Dr. Mona Garloff

Reunionsprojekte des 16. und frühen 17. Jahrhunderts. Jean Hotman (1552-1636) und Friedensperspektiven im frühneuzeitlichen Europa

In der Reformationsgeschichtsschreibung wurde der Blick in den letzten Jahrzehnten zunehmend über gängige Schematismen der Konfessionsgrenzen hinweg auf Phänomene individualisierter religiöser Sensibilität gerichtet, die sich "weder Rom noch Genf" eindeutig zuordnen lassen und erst unter der Prämisse von religiöser Pluralität greifbar werden. Dass religiöse Koexistenz nicht nur Konflikt verschärfend sondern auch Toleranz fördernd wirken konnte, wird an vielfältigen religiösen Reunionsprojekten des 16. und frühen 17. Jahrhunderts deutlich, die von religiös moderaten Kräften beider Lager entworfen wurden. Diese Phänomene werden in meinem Dissertationsvorhaben an französischen Fallbeispielen untersucht. Insbesondere die Regierungszeit Heinrichs IV. gab Friedensansätzen ungeheuren Aufwind. Es geht in diesem Zusammenhang auch um eine differenzierte Vermessung der vertretenen Ideen sowie um ihre Zuordnung zu verschiedenen Gelehrtenkreisen, die in der Forschung immer noch häufig unter dem einheitlichen Etikett der "Politiques" firmieren.

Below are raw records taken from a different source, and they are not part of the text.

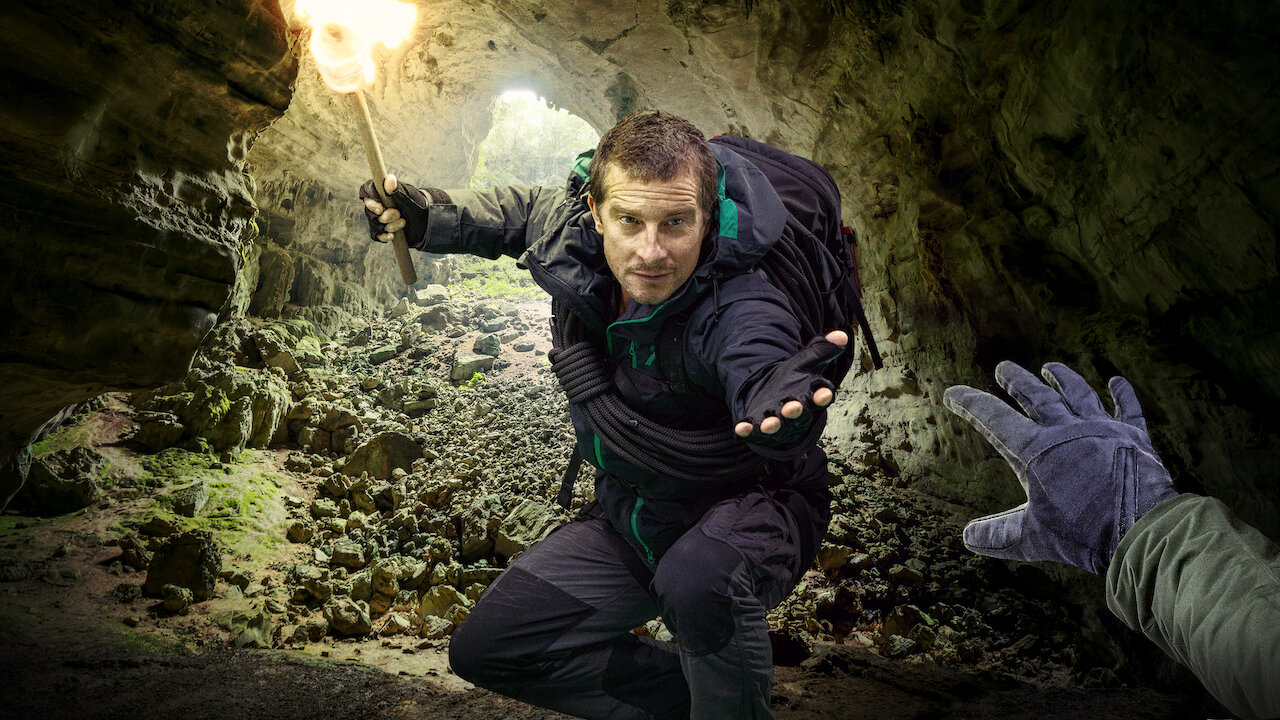 Watch You vs. Wild Netflix Official Site
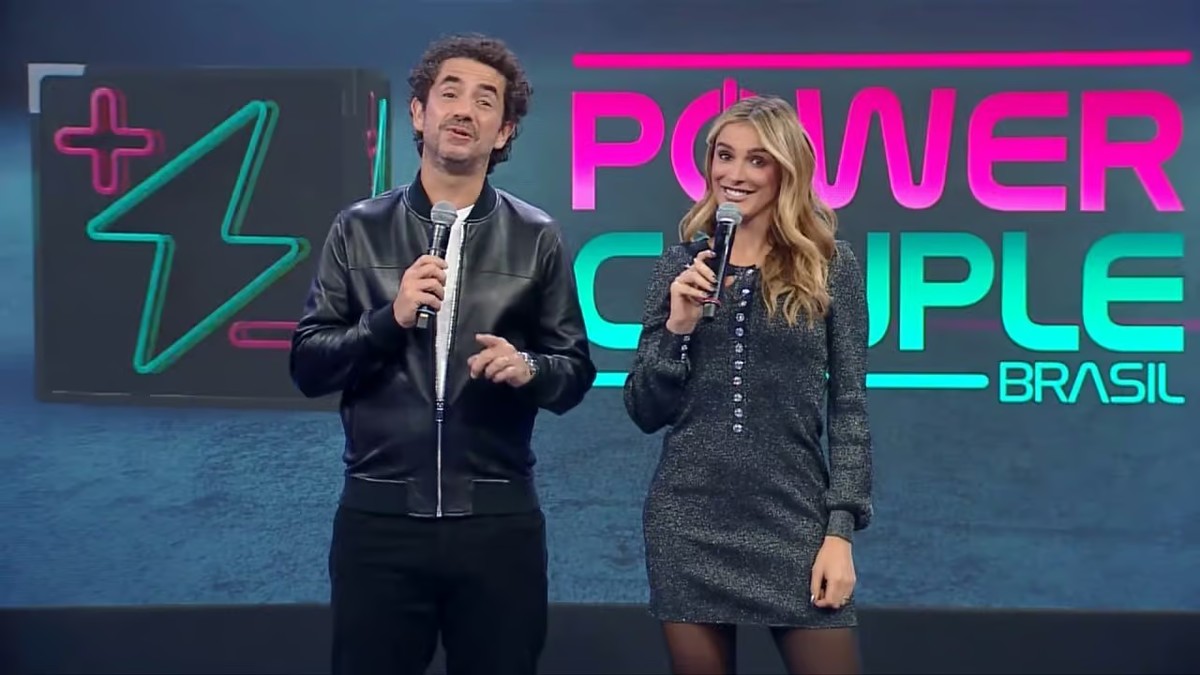 'Power couple' encerra temporada com audiência abaixo da anterior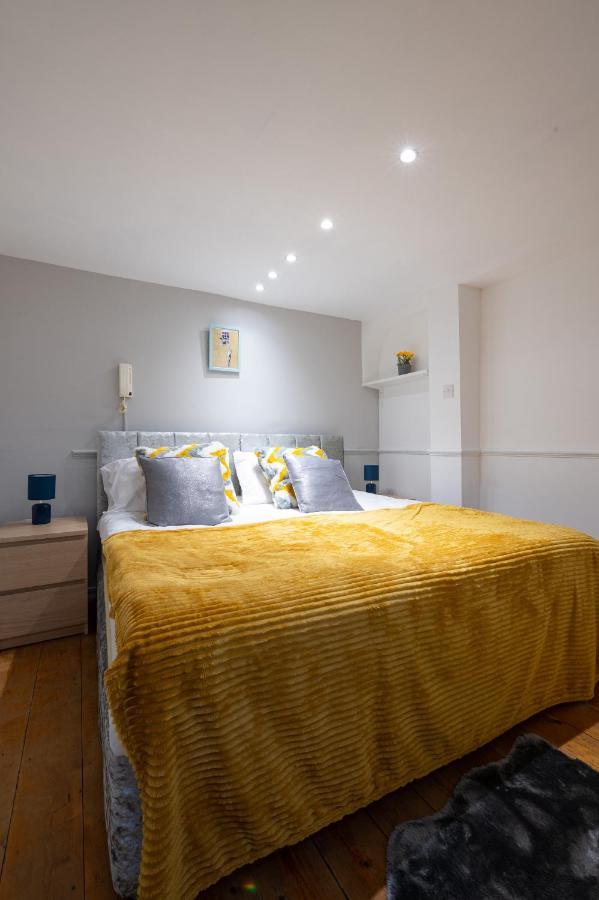 Hummingbird Maisonette By Prescott Apartments Bristol Zewnętrze zdjęcie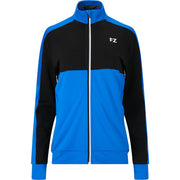 FZ FORZA Luise W Track Jacket Jacket 2078 Electric Blue Lemonade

Exemplarisch soll dies an den Werken und der Korrespondenz von Jean Hotman (1552-1636) unternommen werden. Dieser stand in der Forschung bisher - obwohl an seiner überragenden Bedeutung für die Initiativen zur Stiftung religiösen Friedens kein Zweifel herrschen kann - meist im Schatten seines Vaters François Hotman. Dies mag nicht zuletzt daran liegen, dass Jean Hotman hauptsächlich als Sammler und Herausgeber anderer Autoren bekannt wurde, statt mit eigenen Werken groß in Erscheinung zu treten. Allerdings schmälerte dies keineswegs seinen Einfluss auf die tagespolitischen Geschehnisse, da solche Kompilationen oft substantiell auf die Weltbilder und Argumentationsmuster der Zeitgenossen wirken konnten. Bibliographien, wie der von Hotman 1607 verfasste Syllabus (weitere Ausgaben 1628, 1629), sind deshalb für den Reunionsdiskurs des 16. und frühen 17. Jahrhunderts von höchstem Erkenntnisinteresse. Die internationale Ausrichtung dieser Textsammlung bietet auf der einen Seite die Möglichkeit, den Unions- und Toleranzdiskurs in Frankreich in seine prägenden europäischen Kontexte einzuordnen, und ermöglicht auf der anderen Seite, Verbindungslinien aufzuzeigen, welche die frühen Texte der Reformation mit solchen des 17. Jahrhunderts verbinden. Vielfach wird hierbei deutlich, dass verschiedene Denkansätze über die Regierungszeit Heinrichs IV. hinaus ihre Aktualität behielten und Zäsuren wie "1598" und "1610" hinterfragt werden müssen.

Publikationen

  • «Chassez loin de nous les Italiens qu’on hait tant». Antiitalianismus in politischen Streitschriften im Umfeld der Bartholomäusnacht (1573-76) (=LMU-Publikationen, Geschichts- und Kunstwissenschaften, Nr. 23), München 2007, URL: http://epub.ub.uni-muenchen.de/2967/.
  • (mit Benjamin Steiner): „Wir erwarten nun selbst, diesem Holocaust anheim zu fallen“. Die Opferzahlen der Bartholomäusnacht 1572, in: Geschichte in Wissenschaft und Unterricht 59 (2008), 153-168.

Rezensionen

  • I. Backus (ed.): Théodore de Bèze (1519-1605). Actes du Colloque de Genève (septembre 2005), Genf 2007, in : Francia-Recensio 02/2009.
  • H. Daussy, V. Ferrer (ed.): Servir Dieu, le roi, l’État. Philippe Duplessis-Mornay (1549-1623). Actes du colloque de Saumur (13-15 mai 2004). Niort 2006, in : Francia-Recensio 02/2009.
  • P.-A. Mellet: Les Traités monarchomaques. Confusion des temps, résistance armée et monarchie parfaite (1560-1600). Genf 2007, in: Sehepunkte 9 (2009), Nr. 11.

Erstbetreuer:

Prof. Dr. Luise Schorn-Schütte (Frankfurt/Main)

Zweitbetreuer:

Prof. Dr. Ottavia Niccoli (Trient)

Derzeitige Tätigkeit:

Assistentin am Lehrstuhl Geschichte der Frühen Neuzeit an der Universität Stuttgart (Lehrstuhl Prof. Dr. Bahlke).